The rapid development of Artificial Intelligence (AI) is increasingly shaping our daily lives and opening up new possibilities in many areas. Language models are among the most exciting developments, but they also present challenges. This article examines current developments in the field of AI language models with a focus on European languages and dialects.
A recent study from Harvard University shows interesting parallels between large language models and crowdsourcing. Instead of relying on the expertise of individuals, AI systems analyze massive amounts of data from the internet to generate the most likely answer to a question. This approach, based on a consensus principle, leads to astonishingly accurate results for general topics.
However, these models reach their limits with complex or controversial questions. In particular, the tendency toward "hallucination", i.e., the generation of false or misleading information, is a known problem. This is particularly evident in the citation of scientific papers, which are often reproduced incorrectly by AI models.
The study authors, therefore, recommend treating AI-generated content with the same caution as crowdsourcing results. While they can provide valuable insights on general topics, critical examination is essential for specific questions. The quality of the results depends largely on the quantity and quality of the training data.

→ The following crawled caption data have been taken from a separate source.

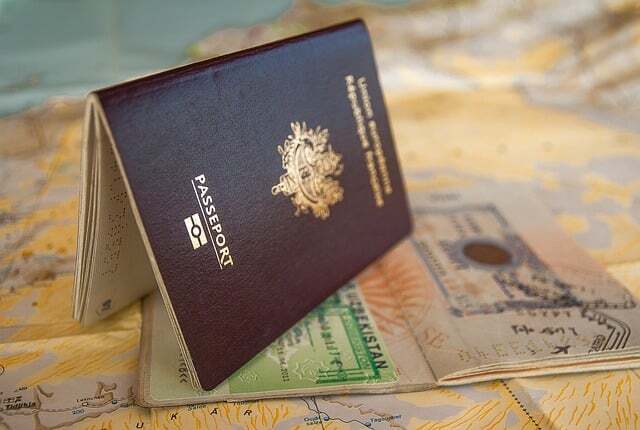 A Comprehensive Guide to Citizenship by Investment Programs Worldwide
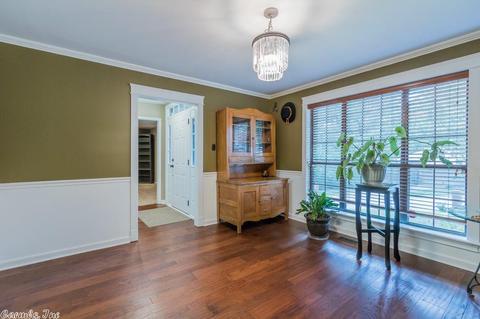 1315 River Oaks Dr, Benton, AR 72019 photo 4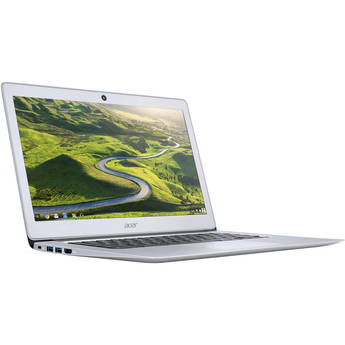 Acer nx gc2aa 005 1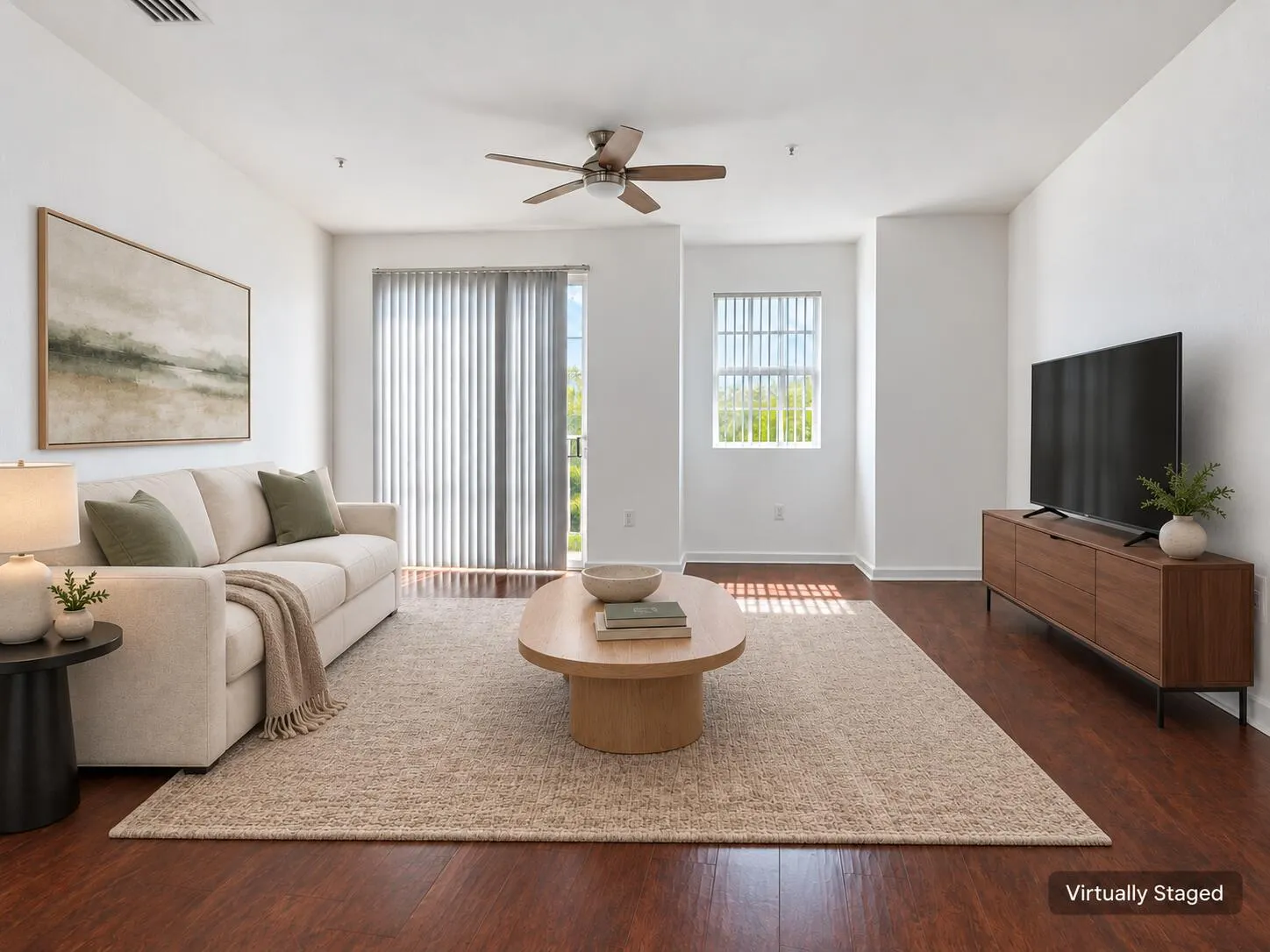 2725 NE 8TH Avenue #112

The Danish company Corti has now introduced its AI platform for the healthcare sector in Germany. The highlight: Corti uses its own AI assistant, which has been specially trained in medical terminology. This "co-pilot" is designed to support doctors in documenting patient consultations and thus reduce administrative effort.
Similar to Microsoft's Copilot or AI assistants from companies like Jameda, Corti's AI system listens in on conversations between doctors and patients and assigns the information to the corresponding categories. This not only facilitates documentation but is also intended to reduce the error rate in clinical documentation.
The Eichsfeld Clinic in Thuringia is one of the first clinics to implement Corti's AI platform. The chief physician of the emergency room, Dušan Trifunović, is enthusiastic about the technology: "While the doctor is talking to the patient, the co-pilot captures, organizes and assigns information to the correct areas such as diagnostics and laboratory." The clinic plans to implement Corti in all departments to optimize workflows and improve medical care.
An international research team has published an impressive collection of speech data for all 24 official EU languages with MOSEL (Massive Open-source compliant Speech data for European Languages). This freely available database contains over 500,000 hours of transcribed speech recordings and 440,000 hours of raw audio data.
However, a closer look reveals an uneven distribution of the data. While there are over 430,000 hours of annotated data available for the English language, there are significantly fewer for languages such as Maltese or Irish. To close this gap, the researchers automatically transcribed the raw audio data using the AI model Whisper from OpenAI.
With MOSEL, research and development now have a valuable tool at their disposal to map the linguistic diversity of Europe in AI systems. The freely available data is intended to promote the development of language assistants, translation programs, and other AI applications for European languages.
Developing AI systems that capture the linguistic diversity of Europe in its entirety poses a major challenge. Jan Wolter, Head of Product and Managing Director of Applause EU, a company that tests language assistance systems, emphasizes the importance of training data that also takes dialects and regional characteristics into account.
Factors such as age, gender, and social background influence the way people speak and pose challenges for AI systems. Youth language and the constant evolution of language over time must also be considered. Accents, different word meanings, and regional pronunciation variants further complicate understanding.
To overcome these challenges, AI systems need to be able to capture context and identify the specific language or dialect. This requires diverse and representative training data, the acquisition of which is often complex and time-consuming. This is the only way to develop AI systems that are equally accessible and understandable to all people.
The development of AI language models is progressing rapidly and holds enormous potential for the European economy and society. Taking into account the linguistic diversity of Europe is essential in order to avoid discrimination and to enable all people to access AI-based technologies.
Open datasets such as MOSEL, the development of specialized AI systems such as Corti, and the continuous improvement of speech recognition by companies such as Applause EU are making an important contribution to shaping an inclusive digital future.